Search the records for the string "dress", then copy each line where it appears.

--- Information given ---

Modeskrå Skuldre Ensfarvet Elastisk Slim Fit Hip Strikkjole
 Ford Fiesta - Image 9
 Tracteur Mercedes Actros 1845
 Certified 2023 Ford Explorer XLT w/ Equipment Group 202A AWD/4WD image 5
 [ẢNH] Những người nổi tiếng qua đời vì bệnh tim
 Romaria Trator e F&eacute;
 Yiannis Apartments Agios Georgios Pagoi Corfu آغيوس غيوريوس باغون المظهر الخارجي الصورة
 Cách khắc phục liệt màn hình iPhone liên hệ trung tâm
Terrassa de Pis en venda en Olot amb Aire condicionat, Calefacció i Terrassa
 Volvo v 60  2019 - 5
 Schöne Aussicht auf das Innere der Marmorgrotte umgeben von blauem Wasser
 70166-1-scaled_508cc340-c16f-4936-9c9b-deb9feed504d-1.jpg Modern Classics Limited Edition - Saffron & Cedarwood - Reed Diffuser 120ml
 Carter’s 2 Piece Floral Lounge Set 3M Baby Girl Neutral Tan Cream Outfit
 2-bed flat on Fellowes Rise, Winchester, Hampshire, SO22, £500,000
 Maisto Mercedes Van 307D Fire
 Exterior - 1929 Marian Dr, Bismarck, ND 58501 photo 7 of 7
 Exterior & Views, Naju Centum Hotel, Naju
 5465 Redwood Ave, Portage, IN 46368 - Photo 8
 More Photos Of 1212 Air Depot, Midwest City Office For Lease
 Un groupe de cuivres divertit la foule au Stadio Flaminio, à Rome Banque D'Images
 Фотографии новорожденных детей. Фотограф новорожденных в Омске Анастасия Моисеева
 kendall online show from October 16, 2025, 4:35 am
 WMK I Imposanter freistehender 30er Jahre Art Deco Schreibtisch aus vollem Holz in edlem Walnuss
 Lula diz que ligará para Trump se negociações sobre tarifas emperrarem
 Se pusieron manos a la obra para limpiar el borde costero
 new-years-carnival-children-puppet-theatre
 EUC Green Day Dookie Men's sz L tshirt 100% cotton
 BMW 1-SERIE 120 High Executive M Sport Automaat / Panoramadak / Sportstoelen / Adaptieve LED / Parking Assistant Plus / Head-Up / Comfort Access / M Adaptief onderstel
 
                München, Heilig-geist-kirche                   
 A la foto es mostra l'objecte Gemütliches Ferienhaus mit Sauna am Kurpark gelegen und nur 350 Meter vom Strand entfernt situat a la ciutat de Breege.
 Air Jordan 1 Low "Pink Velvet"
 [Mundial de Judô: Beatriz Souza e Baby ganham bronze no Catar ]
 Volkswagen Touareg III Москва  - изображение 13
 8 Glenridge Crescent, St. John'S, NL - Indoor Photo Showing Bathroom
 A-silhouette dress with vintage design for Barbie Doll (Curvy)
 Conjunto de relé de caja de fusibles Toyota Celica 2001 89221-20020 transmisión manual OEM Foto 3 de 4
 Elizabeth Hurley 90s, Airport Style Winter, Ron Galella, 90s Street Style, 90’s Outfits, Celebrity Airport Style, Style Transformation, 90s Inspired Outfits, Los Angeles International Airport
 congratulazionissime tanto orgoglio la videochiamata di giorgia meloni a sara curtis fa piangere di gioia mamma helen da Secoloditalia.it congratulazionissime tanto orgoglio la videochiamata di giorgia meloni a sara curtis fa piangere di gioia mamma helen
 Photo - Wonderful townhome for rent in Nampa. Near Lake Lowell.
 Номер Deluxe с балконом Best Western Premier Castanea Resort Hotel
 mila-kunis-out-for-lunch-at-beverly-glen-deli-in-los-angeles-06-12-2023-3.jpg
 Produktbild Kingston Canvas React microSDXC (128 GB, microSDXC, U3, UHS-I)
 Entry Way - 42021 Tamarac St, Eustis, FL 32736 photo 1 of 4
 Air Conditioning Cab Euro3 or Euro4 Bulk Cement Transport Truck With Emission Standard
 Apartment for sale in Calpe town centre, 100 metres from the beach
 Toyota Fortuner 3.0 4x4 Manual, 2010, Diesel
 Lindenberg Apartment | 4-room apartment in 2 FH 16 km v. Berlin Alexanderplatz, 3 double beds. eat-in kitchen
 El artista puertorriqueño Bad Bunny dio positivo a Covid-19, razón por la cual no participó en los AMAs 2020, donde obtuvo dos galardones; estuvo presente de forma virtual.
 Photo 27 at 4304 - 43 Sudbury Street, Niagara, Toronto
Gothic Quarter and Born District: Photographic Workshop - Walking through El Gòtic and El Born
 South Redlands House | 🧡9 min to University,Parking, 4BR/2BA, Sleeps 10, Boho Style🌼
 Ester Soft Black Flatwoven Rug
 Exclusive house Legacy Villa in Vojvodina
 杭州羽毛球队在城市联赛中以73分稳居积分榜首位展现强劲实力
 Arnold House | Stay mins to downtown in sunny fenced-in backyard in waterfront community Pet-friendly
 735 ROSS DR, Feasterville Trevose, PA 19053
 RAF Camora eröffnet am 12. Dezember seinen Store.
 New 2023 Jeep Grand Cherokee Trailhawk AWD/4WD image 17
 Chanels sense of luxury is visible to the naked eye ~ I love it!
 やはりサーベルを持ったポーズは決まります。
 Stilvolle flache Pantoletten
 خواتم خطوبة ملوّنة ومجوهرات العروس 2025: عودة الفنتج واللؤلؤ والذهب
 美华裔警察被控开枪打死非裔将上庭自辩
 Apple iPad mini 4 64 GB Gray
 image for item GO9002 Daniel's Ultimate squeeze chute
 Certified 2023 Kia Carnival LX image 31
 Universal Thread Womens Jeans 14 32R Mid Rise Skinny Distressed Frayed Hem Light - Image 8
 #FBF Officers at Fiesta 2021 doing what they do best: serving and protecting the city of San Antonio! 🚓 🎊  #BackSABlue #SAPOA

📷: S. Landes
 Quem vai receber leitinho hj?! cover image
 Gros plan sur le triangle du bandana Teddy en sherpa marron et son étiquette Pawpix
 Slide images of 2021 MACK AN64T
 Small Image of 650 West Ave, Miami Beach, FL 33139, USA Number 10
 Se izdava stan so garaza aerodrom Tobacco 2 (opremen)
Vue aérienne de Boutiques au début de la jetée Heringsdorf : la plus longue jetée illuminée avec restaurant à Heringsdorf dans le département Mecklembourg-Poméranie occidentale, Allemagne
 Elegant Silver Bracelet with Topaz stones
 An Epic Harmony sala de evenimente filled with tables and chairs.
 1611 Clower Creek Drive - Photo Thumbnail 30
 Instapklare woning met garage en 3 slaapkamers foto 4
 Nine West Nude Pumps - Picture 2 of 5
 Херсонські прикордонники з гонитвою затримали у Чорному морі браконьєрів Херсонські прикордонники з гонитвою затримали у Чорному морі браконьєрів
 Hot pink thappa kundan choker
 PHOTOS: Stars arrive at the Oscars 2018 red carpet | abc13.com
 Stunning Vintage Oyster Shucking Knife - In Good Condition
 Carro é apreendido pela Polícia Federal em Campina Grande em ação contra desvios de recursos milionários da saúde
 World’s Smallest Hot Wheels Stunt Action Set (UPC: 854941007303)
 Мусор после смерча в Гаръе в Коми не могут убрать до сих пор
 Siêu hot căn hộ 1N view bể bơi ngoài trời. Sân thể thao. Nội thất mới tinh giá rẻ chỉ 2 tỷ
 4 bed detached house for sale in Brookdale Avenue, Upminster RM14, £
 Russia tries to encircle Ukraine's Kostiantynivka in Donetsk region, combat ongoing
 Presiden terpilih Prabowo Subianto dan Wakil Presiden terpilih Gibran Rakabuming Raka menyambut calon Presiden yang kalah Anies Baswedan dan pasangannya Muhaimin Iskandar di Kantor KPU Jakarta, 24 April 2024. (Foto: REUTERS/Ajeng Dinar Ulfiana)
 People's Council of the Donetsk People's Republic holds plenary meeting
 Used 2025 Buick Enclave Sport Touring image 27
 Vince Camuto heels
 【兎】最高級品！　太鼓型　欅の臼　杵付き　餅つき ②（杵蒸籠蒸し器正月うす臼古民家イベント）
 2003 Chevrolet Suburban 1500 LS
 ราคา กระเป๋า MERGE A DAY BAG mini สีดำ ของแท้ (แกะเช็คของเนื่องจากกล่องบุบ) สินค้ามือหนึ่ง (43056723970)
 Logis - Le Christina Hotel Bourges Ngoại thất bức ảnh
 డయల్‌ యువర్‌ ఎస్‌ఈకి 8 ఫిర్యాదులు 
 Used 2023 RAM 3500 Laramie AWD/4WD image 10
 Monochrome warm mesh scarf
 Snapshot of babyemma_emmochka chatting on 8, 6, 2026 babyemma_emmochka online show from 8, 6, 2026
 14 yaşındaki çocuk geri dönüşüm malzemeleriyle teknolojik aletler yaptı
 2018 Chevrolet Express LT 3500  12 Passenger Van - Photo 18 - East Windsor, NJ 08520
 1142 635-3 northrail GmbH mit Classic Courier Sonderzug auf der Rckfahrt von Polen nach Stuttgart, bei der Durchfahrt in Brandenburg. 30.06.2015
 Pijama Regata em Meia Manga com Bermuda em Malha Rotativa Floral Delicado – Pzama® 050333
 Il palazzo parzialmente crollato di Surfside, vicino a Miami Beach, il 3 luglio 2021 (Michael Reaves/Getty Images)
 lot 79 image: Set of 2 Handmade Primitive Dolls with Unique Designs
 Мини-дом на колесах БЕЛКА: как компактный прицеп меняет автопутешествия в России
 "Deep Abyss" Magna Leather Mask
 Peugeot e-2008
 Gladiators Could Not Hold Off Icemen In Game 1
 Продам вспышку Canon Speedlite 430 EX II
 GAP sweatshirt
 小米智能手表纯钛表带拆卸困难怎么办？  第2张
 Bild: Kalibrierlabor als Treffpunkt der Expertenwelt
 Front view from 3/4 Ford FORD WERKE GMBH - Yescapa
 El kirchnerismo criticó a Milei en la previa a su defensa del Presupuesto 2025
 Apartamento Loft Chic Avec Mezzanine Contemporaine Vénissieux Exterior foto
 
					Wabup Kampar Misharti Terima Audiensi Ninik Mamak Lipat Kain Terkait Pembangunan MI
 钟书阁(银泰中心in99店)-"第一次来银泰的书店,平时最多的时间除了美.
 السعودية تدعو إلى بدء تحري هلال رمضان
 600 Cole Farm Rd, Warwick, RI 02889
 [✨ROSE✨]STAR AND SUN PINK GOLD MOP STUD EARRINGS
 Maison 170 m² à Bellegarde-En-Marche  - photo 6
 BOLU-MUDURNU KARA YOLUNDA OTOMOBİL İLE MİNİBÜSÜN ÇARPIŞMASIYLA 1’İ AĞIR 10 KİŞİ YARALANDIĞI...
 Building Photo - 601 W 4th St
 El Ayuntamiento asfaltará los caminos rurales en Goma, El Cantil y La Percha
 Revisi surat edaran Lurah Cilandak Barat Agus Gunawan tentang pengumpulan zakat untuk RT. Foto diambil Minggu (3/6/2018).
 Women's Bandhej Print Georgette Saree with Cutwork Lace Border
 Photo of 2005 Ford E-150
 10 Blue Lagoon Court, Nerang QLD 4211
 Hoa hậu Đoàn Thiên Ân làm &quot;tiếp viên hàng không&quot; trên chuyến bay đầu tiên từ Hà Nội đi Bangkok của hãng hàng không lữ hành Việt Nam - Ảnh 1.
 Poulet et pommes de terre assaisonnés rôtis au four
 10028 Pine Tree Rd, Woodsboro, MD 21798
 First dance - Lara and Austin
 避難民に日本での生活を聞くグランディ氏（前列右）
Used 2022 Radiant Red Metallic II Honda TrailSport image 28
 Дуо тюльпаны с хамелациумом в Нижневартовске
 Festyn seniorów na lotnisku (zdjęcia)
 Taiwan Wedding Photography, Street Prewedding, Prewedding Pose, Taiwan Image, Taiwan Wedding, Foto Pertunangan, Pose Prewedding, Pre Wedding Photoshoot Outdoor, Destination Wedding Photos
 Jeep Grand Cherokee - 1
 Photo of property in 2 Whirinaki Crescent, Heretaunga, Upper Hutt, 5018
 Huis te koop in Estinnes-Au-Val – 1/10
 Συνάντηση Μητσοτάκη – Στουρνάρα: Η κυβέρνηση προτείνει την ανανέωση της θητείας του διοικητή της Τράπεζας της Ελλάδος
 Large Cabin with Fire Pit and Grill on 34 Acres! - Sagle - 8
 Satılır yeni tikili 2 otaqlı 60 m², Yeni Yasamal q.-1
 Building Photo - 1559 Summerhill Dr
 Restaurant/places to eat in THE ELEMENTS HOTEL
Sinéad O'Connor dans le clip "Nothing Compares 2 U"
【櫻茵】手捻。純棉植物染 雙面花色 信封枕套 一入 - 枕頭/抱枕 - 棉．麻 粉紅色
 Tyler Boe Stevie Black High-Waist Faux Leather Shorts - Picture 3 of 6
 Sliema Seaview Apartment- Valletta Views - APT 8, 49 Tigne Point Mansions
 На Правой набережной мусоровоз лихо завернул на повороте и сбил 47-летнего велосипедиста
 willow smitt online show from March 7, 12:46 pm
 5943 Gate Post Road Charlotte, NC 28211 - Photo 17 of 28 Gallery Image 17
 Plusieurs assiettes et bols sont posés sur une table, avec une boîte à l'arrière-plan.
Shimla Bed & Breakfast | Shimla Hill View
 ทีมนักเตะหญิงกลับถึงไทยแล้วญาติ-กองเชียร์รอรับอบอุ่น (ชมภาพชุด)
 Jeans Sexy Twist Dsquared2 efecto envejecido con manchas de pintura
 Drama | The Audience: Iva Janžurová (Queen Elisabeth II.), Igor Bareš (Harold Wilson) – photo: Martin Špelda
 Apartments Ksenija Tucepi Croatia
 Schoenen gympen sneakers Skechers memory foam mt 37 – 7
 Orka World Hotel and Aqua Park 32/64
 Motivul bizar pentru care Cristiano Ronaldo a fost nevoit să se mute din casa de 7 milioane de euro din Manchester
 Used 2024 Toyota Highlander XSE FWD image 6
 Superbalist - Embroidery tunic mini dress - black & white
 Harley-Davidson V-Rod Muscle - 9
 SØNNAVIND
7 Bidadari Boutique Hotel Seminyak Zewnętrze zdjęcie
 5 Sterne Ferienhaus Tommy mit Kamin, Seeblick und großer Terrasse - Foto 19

---

* _Exercise response_:
 A-silhouette dress with vintage design for Barbie Doll (Curvy)
 Superbalist - Embroidery tunic mini dress - black & white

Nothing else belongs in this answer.